Here is a feeder I'm partial to. It's enclosed within the hive so robbing is not an issue. The bees use the screen as a ladder and the access to the syrup surface is minimal so if they do fall in the ladder is right there for them to climb back on. They dont have access to the extra space in the box so no burr comb is built. Three boards are used to form a chute from the brood box up to the ladder chute. You can see I've used screws to hold down the ladder chute if I need to clean or change out the container


----------



## DPBsbees (Apr 14, 2011)

I have at least a dozen of these feeders and the only issue I have found is that it helps to caulk the edges of the screen so bees can't sneak into the area where the sugar solution is. I like these feeders because they hold a lot and I lose no bees to drowning. You can refill them without being exposed to the bees. If you are having drowning issues make sure that what is covering the feeder seals properly and caulk the screen. This will take care of any issues.


----------



## JClaunch (Apr 7, 2014)

Santa Caras,

I like this design a lot, it does seem to address every problem I'm having.

Question, do you basically make mesh in an inverted U and the bees climb up from the box on one leg over the short side at the top and down into the feeder along the other leg?


DPBsbees,

I liked this one too for all the reasons you mentioned and I also figured that the only way they could possibly get in was to get through the screen some how. I'll check about caulking when I get home. Thanks for the suggestion!


----------



## grozzie2 (Jun 3, 2011)

DPBsbees said:


> the only issue I have found is that it helps to caulk the edges of the screen so bees can't sneak into the area where the sugar solution is


We had the same experience. First time we used them, lots of drowning. I ran a bead of silicone around the edge of the screen everywhere, now there are no bees getting thru and drowning. It's a simple fix. I like these because if I need to put syrup on to get a colony up to winter weight, I can do it all in one go, it'll hold multiple gallons of 2:1.

The other issue I had, a couple of the hives built burr comb on the bottom of the plastic insert. I scraped it with a hive tool, didn't realize I had poked a hole in the plastic. Careful if you scrape the bottom, because it's not pretty when you pour a gallon of syrup in, only to realize there is a half inch hole.


----------



## JClaunch (Apr 7, 2014)

Grozzie2, 

You know I almost did that with this feeder (it was given to me with the split). I didn't realize the plastic was as pliable as it is and got ... enthusiastic.. while cleaning out comb. Fortunately I managed not to damage it. 
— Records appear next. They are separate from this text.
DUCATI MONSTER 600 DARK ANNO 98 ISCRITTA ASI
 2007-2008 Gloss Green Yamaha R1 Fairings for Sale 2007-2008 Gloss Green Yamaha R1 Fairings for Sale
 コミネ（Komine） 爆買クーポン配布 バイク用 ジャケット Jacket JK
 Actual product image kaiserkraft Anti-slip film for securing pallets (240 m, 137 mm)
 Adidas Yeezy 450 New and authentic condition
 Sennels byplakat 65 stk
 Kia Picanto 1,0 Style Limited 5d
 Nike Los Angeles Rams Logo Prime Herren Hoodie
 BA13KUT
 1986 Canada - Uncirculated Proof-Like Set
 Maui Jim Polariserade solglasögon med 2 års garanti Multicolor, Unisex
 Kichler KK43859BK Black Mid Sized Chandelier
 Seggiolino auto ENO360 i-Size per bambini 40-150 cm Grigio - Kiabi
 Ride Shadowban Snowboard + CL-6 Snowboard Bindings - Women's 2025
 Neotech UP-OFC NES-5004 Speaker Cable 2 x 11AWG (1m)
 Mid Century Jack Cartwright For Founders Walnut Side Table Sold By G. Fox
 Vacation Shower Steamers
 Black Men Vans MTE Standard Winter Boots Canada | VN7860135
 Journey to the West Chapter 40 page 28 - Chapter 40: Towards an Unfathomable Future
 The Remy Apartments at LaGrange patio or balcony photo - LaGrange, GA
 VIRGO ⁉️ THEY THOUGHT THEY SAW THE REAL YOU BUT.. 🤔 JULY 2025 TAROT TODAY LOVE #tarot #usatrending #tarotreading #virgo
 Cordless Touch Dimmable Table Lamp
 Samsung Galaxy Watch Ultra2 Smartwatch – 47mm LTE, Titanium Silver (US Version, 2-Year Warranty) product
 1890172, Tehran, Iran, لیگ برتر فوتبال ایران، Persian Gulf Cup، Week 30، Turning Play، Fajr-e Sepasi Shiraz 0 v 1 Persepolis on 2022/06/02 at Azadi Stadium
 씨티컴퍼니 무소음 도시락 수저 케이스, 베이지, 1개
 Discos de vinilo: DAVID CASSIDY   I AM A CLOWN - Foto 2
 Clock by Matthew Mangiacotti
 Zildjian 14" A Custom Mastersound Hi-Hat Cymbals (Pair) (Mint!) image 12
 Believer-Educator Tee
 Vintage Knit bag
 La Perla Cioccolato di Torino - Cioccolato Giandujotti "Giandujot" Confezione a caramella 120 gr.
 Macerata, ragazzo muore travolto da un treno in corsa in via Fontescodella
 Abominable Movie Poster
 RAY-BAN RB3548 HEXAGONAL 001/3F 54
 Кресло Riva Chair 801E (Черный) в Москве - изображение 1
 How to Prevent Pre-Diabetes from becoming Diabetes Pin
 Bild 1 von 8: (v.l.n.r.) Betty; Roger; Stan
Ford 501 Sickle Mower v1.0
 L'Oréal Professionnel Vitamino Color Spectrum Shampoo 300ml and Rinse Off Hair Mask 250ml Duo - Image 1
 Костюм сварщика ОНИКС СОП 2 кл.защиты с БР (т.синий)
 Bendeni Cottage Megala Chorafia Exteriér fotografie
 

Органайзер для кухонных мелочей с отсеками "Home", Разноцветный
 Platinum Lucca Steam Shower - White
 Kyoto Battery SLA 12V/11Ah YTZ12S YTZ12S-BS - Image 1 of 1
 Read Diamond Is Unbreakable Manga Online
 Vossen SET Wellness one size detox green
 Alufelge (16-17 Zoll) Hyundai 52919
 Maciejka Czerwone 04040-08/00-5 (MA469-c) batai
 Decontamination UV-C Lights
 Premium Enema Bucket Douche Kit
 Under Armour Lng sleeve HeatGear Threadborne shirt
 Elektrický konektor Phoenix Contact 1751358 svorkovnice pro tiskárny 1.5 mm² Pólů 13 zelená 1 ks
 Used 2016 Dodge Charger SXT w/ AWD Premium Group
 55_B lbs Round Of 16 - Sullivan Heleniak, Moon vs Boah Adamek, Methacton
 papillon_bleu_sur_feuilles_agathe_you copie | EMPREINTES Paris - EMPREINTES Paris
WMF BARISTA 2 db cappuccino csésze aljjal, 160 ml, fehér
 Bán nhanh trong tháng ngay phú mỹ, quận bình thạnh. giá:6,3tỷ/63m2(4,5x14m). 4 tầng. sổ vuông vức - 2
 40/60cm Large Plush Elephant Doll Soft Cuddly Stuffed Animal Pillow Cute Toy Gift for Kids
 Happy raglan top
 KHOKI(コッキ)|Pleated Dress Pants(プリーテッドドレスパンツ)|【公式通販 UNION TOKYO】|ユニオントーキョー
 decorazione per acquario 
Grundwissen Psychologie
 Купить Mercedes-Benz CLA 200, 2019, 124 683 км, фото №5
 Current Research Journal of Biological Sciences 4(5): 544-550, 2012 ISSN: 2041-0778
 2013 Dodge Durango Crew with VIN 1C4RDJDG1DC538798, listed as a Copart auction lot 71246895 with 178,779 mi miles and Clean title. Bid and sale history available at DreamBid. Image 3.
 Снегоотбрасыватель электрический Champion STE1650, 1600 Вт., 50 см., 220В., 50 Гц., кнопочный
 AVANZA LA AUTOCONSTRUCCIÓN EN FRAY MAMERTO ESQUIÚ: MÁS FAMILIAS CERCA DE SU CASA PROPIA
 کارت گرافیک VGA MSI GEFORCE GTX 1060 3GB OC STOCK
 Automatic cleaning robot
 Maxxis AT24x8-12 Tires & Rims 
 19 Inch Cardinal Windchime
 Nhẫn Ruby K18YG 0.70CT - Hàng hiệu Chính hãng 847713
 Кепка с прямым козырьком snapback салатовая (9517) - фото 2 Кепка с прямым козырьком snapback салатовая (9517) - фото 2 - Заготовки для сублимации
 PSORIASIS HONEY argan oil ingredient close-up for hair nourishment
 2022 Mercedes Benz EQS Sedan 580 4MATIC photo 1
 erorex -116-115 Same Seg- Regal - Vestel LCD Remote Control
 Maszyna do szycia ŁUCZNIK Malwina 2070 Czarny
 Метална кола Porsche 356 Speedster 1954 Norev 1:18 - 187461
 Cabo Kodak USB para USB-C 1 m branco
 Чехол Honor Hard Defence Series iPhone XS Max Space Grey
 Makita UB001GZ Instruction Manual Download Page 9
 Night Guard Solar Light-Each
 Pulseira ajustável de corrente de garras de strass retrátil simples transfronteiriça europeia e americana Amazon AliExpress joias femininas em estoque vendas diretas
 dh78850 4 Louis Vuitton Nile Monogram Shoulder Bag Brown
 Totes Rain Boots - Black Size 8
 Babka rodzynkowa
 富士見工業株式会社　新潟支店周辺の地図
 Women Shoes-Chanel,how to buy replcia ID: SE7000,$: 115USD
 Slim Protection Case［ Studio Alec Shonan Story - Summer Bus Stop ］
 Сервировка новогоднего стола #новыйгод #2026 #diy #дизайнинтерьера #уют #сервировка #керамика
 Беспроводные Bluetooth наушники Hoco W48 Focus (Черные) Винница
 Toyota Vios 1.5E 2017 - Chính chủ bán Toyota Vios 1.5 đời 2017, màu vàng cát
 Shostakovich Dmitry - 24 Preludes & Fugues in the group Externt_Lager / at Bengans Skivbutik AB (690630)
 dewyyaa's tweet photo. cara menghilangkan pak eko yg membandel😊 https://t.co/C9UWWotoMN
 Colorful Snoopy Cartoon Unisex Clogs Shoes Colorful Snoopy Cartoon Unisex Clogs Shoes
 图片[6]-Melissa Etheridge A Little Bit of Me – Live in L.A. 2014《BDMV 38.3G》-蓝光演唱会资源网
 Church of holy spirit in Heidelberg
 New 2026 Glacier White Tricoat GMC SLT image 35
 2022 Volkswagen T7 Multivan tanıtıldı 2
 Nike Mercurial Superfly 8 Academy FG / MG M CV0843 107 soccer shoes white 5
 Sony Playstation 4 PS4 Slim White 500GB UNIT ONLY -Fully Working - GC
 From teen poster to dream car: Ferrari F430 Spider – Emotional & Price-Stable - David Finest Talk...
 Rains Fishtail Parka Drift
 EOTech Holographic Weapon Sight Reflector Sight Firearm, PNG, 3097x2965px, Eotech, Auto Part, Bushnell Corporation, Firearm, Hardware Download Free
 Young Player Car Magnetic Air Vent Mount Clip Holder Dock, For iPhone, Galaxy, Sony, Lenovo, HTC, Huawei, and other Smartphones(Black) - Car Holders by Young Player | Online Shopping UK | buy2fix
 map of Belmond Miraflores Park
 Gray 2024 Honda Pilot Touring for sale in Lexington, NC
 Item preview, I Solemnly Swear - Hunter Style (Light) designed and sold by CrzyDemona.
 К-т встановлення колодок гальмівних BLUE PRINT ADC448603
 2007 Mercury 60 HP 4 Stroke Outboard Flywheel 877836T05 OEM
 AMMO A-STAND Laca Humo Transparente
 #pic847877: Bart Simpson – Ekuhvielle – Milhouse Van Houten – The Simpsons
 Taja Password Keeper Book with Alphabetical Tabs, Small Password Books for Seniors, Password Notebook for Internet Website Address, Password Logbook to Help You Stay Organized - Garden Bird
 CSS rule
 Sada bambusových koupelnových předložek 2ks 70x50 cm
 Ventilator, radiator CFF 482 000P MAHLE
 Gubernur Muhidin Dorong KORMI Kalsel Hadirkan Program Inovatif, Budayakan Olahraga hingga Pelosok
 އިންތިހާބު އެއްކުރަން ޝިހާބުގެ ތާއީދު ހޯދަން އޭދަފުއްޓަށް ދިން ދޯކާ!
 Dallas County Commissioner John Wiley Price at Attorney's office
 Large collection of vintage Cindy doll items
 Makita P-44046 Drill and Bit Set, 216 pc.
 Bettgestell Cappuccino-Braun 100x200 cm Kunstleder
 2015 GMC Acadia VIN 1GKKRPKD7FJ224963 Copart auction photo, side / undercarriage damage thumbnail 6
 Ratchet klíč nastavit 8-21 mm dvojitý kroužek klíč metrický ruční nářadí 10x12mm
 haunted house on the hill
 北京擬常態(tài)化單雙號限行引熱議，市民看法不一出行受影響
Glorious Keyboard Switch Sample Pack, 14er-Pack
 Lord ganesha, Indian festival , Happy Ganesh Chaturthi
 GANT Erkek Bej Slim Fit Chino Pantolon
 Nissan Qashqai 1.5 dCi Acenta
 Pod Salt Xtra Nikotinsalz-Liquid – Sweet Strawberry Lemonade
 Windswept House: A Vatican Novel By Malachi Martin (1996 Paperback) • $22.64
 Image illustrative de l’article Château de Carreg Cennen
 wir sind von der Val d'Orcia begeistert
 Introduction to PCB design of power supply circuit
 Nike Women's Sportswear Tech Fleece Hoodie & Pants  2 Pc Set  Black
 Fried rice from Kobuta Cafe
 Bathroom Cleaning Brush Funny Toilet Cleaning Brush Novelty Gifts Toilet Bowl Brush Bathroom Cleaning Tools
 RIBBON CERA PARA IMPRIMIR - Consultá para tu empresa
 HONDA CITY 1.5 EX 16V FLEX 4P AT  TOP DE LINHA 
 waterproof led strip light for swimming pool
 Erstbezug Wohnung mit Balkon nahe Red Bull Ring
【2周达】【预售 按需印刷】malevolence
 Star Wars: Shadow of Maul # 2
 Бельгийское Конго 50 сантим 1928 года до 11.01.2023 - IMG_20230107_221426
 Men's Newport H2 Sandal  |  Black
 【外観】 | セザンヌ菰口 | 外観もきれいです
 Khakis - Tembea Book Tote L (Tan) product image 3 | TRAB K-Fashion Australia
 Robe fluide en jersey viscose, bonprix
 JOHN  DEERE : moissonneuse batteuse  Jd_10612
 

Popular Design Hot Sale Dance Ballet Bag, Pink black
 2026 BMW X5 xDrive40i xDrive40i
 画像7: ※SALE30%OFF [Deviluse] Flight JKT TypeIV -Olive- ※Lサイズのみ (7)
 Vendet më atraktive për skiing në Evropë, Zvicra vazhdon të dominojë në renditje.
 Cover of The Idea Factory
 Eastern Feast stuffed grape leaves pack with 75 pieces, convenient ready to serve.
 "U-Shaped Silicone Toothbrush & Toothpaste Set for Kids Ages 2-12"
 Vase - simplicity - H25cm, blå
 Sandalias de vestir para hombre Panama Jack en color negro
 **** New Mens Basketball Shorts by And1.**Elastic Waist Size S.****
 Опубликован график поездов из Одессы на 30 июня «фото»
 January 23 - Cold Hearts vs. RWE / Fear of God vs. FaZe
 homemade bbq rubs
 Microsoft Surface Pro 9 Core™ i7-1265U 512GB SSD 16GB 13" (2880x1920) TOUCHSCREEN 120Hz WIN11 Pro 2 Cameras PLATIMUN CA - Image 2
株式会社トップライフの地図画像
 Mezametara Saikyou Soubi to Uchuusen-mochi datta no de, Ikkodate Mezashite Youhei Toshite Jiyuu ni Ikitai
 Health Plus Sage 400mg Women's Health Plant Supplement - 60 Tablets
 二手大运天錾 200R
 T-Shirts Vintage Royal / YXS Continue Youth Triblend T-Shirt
Sounds like I need to seal the edges of the screen.


----------



## JClaunch (Apr 7, 2014)

I Went out this evening and closed up all extra entrances to the feeder, and any possible entrances. Hopefully that will resolve the problem.

Thanks all.


----------



## Mr.Beeman (May 19, 2012)

Feed this way and you will avoid the drowning issues.


----------



## Bob J (Feb 25, 2013)

I have been using a setup similar to yours Mr.Beeman..... Just set up with a Quart jar on my inner cover..... Still too cold where I am for them to make much of it so I still have a sugar block (Laurie's Recipe) for them.... They are still taking that pretty aggressively to supplement what they are foraging on warm days.....;- )


----------



## Santa Caras (Aug 14, 2013)

JClaunch said:


> Santa Caras,
> 
> I like this design a lot, it does seem to address every problem I'm having.
> 
> Question, do you basically make mesh in an inverted U and the bees climb up from the box on one leg over the short side at the top and down into the feeder along the other leg?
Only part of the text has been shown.